Self-organized TiO2 nanotube arrays in the photocatalytic degradation of methylene blue under UV light irradiation

• Published in: Journal of the Korean Physical Society Vol. 66; no. 7; pp. 1135 - 1139
• Main Authors: Chung, Eun Hyuk, Baek, Seong Rim, Yu, Seong Mi, Kim, Jong Pil, Hong, Tae Eun, Kim, Hyun Gyu, Bae, Jong-Seong, Jeong, Euh Duck, Khan, F. Nawaz, Jung, Ok-sang
• Format: Journal Article
• Language: English
• Published: Seoul The Korean Physical Society 01.04.2015; 한국물리학회
• Subjects: Mathematical and Computational Physics; Particle and Nuclear Physics; Physics; Physics and Astronomy; Theoretical; 물리학; nanotube arrays; Electrochemical anodic oxidation; TiO; Photocatalytic behaviors; Methylene blue
• ISSN: 0374-4884; 1976-8524
• DOI: 10.3938/jkps.66.1135

Nanostructured titanium dioxide (NTiO 2 ) is known to possess efficient photocatalytic activity and to have diverse applications in many fields due to its chemical stability, high surface area/volume ratio, high transmittance, and high refractive index in the visible and the near-ultraviolet regions. These facts prompted us to develop TiO 2 nanotube (TiO 2 NT) arrays through electrochemical anodic oxidation involving different electrolytes comprised of phosphoric acid — hydrofluoric acid aqueous systems by varying the voltage and the time. The annealing temperature of the nanotubes, TiO 2 NTs, were varied to modify the surface morphology and were characterized by using X-ray diffraction and scanning electron microscopy.

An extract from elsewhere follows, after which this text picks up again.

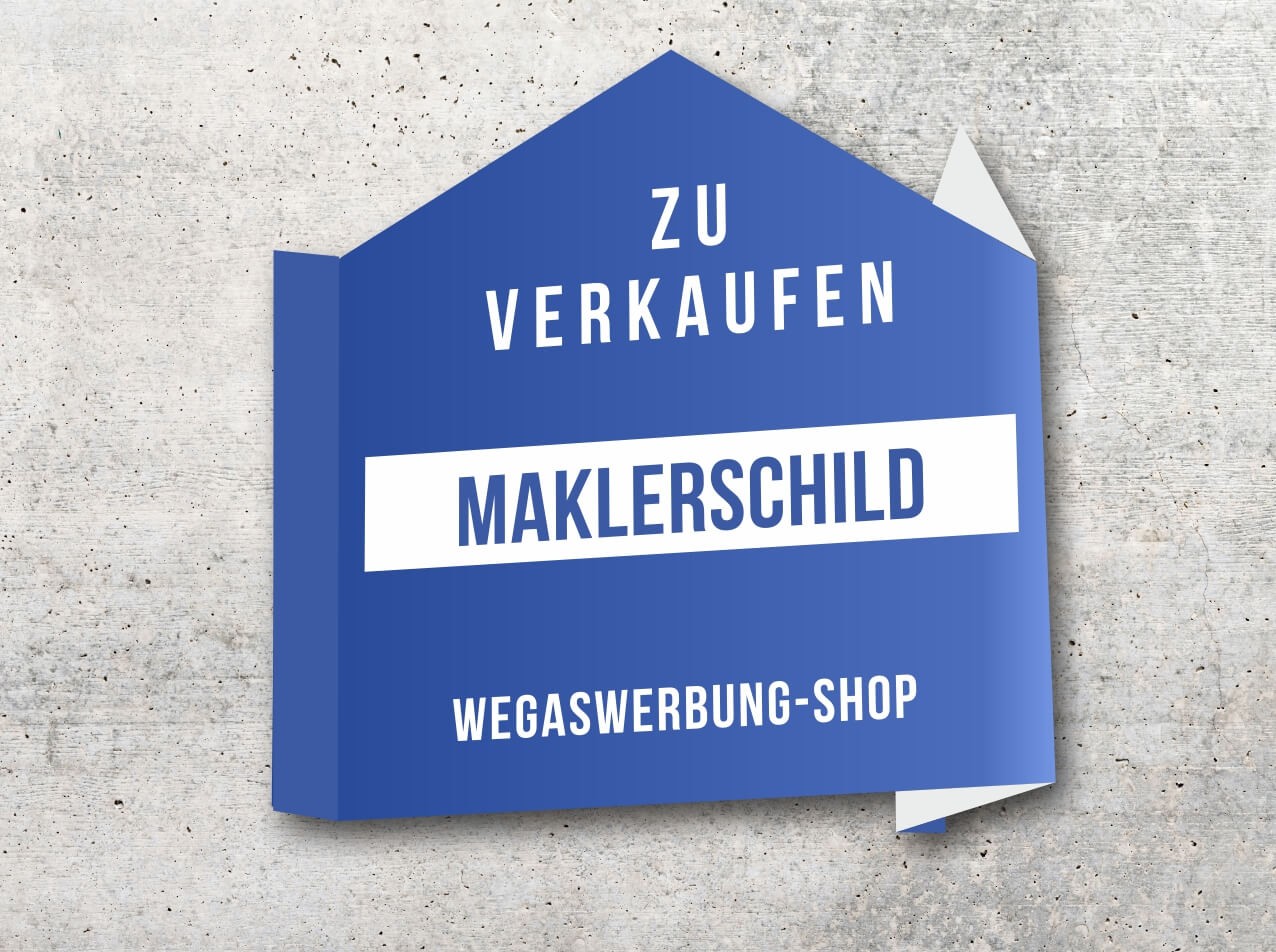 Makler-Hausschild "Nasenschild" 140 x 70 cm Makler-Hausschild "Nasenschild" 140 x 70 cm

Scanning electron microscopy and X-ray diffraction results showed that the samples had uniform morphologies and good crystalline structures of the anatase phase at lower annealing temperatures and of the rutile phase at higher annealing temperatures. A secondary-ion mass-spectrometry analysis was used to investigate the surface atoms and to conduct a depth profile analysis of the TiO 2 NTs. The efficiency of the photocatalytic activity of the TiO 2 NT arrays in degrading methylene blue (MB) was investigated under UV-Vis light irradiation. The maximum photocatalytic activity was achieved for the samples with lower annealing temperatures due to their being in the anatase phase and having a higher surface area and a smaller crystal size, which play important roles in the degradation of organic pollutants.